The other consideration is the break-even point for haulage by diesel locomotives rather than DMU, which most authorities suggest is five or six vehicles, and the end result is that the system will have routes which are not electrified throughout their length and are unlikely ever to be eg London to Cornwall. On such routes, until someone thought up the idea of bi-mode, it was accepted that diesel running under the wires was inevitable. I suspect the energy costs of carrying around diesel engines under the wires, and transformer packs off the electrified routes, is not particularly significant in the overall costs. And until recently, it was always argued that running a diesel powered train results in a saving of energy compared to running it under electric power!

The biggest costs on the railway are track costs, partly related to weight, the capital costs of the rolling stock, and staff costs, incurred in operating and maintaining trains. Energy costs are a relatively small item compared to the others.

From this, the following strategy emerges
  • keep old rolling stock in operation for as long as possible and do not withdraw it unless maintenance costs are starting to climb or it fails to satisfy requirements.
  • KISS - avoid complexity unless it is robust and the technology is mature so as to minimise the capital cost of new rolling stock and its subsequent maintenance costs.
On that basis, bi-mode has only a marginal place on the railway.
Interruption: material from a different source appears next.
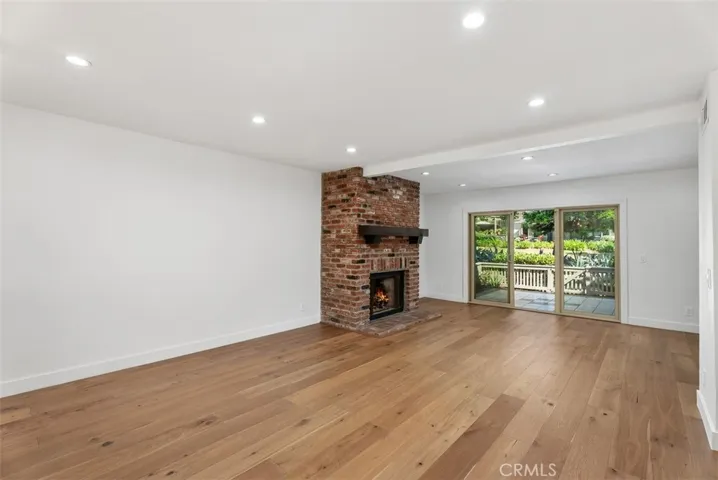 Living Area with Brick Gas Fireplace.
As a mainstream operating practice it is nothing more than a fad, just the kind of fad that is to be expected from theoretically-minded civil servants. It is, incidentally, far from new, having been embodied long ago in the class 73 electro-diesels, a useful fleet which could operate under limited power away from electrified routes.

7 Jan 2013

Fares rise row

The inflation-busting fares increase has led to a wave of indignation. Privatisation the railways has of course left several trainloads of hangers-on to support, but there are two factors that do not get a mention.

One is the rising cost of rolling stock. The real cost of a railway carriage is about 8 times what it was in the late 1950s, up from around £6000 now to over a million now, whilst the cost of a locomotive is up from around £30,000 then to nearly £3 million today. Allow a generous factor of 50 for inflation and it is still a huge increase. The new Hitachi trains will cost £2.6 million per carriage and there is also going to be a bill for infrastructure changes as someone thought it would be a good idea to make the carriages 3 metres longer, so they do not quite fit the present system.

The problem is compounded by the fact that most of the fleet is relatively new, all of the stock built before 1975 having been scrapped since privatisation. The public, and ill-informed press commentators and politicians are largely responsible, as this was a panic response to safety concerns. The predictable result of going beyond reasonability on safety has been to drive people to the less safe mode.

The other issue is the cost of speed. In 1963 trains were typically running at average speeds of 50 mph and top speeds of around 75 mph. Trains now are typically cruising at 125 mph. Costs are roughly proportional to the square of the speed. This has a knock-on effect on freight which also has to run faster to keep out of the way of the passenger trains. In 1963, freight trains typically ran at around 25-35 mph and the technique was to keep them rolling, which uses little energy at that speed.